Life isn’t unfair, it just really sucks sometimes.
Here I am, drinking a cider, eating a cheese sandwich and waiting for my miscarriage to start. I’ve been to the supermarket and have stocked up on heavy duty pads to soak up the impending rush of blood and cramping that I will endure for days, maybe weeks.
A bit of background. I’m 40 years old, healthy and happy. I’m a wife to an amazing man and a mum to an adorable 4 and 3/4 year old little boy. Life’s not so bad. From the outside looking in we have it pretty good. We own our house (well, the bank does but hey, that’s standard), have good jobs, lovely families and good friends.
For the last eight years we have been battling with the ups and downs of the beast that is infertility. It took four years for us to have our little boy but we got there in the end. It’s been four years since we started trying for another child.
People ask why we don’t just give up and be happy with what we’ve got. Fair point, but you’re not living our life. We’re not finished. Our family isn’t complete. Our son is such a beautiful little soul, he is always saying he wishes he had a baby brother or sister.
We want another person in our family for us but more so for him. We want him to grow up with siblings. He has that right just like anyone else does.
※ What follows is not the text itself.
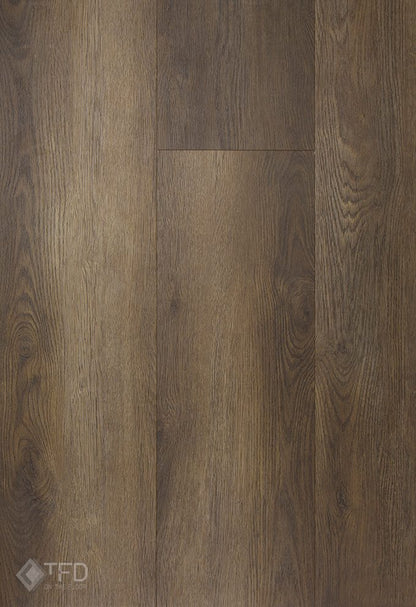 Vienna Plank Dryback - XL Woonwinkel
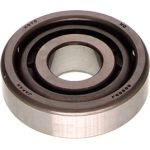 Reparatursatz, Achsschenkel TED53913 Reparatursatz, Achsschenkel TED53913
So no, we won’t be giving up until there are no more options for us.
We started on the normal route, happily married, trying for kids, nothing worked for the first year so we went and had some tests to check all was OK. And our results… perfectly fine. AKA there is no reason that we shouldn't be falling pregnant. Eight years on, three specialists later, 19 IVF cycles under our belt, and finally, just from doing a standard blood test, our new doctor has found the problem, or should I say problems, for our infertility and they’re all totally fixable.